Mclane makes a great 17" push reel mower. HOC can be 7/16 to 2 1/2 on the standard push mower. You can get front rollers for them. STAY AWAY from the cheap Fiskars and Scott real mowers. They are junk.( my opinion having owned them. )

https://www.mclaneedgers.com/product/hand-push-reel-mower/


----------



## NeVs (Aug 17, 2018)

Aawickham78 said:


> Mclane makes a great 17" push reel mower. HOC can be 7/16 to 2 1/2 on the standard push mower. You can get front rollers for them. STAY AWAY from the cheap Fiskars and Scott real mowers.
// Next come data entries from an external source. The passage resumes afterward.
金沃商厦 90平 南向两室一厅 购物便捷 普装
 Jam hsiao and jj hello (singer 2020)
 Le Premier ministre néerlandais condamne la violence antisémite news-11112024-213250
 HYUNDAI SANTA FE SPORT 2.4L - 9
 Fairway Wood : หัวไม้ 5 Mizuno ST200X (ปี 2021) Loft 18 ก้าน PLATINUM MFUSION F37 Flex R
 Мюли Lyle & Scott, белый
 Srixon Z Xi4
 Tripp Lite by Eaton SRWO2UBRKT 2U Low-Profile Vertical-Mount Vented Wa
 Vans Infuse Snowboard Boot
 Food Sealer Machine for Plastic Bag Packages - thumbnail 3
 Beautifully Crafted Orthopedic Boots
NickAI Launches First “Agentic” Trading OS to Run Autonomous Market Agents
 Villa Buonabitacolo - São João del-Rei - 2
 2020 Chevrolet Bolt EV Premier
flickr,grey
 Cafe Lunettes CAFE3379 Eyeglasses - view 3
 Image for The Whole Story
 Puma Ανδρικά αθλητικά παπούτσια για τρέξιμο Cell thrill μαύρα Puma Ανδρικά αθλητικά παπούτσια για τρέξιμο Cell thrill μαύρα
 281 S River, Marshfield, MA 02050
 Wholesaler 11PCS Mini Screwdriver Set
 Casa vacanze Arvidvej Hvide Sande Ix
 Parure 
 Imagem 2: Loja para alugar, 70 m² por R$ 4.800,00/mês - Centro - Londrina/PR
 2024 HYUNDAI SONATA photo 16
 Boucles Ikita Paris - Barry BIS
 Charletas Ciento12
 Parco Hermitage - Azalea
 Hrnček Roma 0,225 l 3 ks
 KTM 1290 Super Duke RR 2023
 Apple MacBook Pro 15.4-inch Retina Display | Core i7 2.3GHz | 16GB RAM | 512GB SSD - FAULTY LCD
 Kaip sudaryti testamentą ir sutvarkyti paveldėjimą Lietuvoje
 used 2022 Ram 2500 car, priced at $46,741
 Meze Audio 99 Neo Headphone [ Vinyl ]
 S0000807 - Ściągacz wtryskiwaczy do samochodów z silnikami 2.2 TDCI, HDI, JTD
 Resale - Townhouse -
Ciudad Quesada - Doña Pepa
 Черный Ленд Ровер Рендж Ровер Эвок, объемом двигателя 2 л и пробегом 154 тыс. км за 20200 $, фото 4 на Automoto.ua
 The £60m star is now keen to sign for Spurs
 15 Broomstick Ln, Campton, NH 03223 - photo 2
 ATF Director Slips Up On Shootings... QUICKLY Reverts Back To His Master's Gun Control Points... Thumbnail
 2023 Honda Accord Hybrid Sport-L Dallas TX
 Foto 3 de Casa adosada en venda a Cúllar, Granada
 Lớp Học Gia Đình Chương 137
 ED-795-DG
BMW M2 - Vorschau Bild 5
They are junk.( my opinion having owned them. )
> 
> https://www.mclaneedgers.com/product/hand-push-reel-mower/


I had only found this forum after getting a fiskar... I have 2k st Aug in front and 4.5k Zorro zoysia in back.

I cannot cut my Zorro any shorter than 2.25"... the turf is so dense, the fiskar just doesnt have a high enough FOC...

But I will say, I absolutely love cutting my st aug with the fiskar.. HOC 3.5" it's like a searing hot knife going through butter.

The McLane push reels are what, $600? At that price point wouldnt it just be better to go to a powered?

My concern with the McLane push, will it be heavy enough to cut Zorro or other dense turf grasses down to 1-1.5"? This grass is so tough and dense, it's crazy and I wonder how much the push mowers will float.


----------



## Paul (Jul 17, 2017)

The push reel Mclanes aren't heavy enough to put down stripes. I used a Mclane greens mower on Bermuda at 0.700". No issues with cutting it as long as you don't expect to go from 1.0" to 0.500" in one pass


----------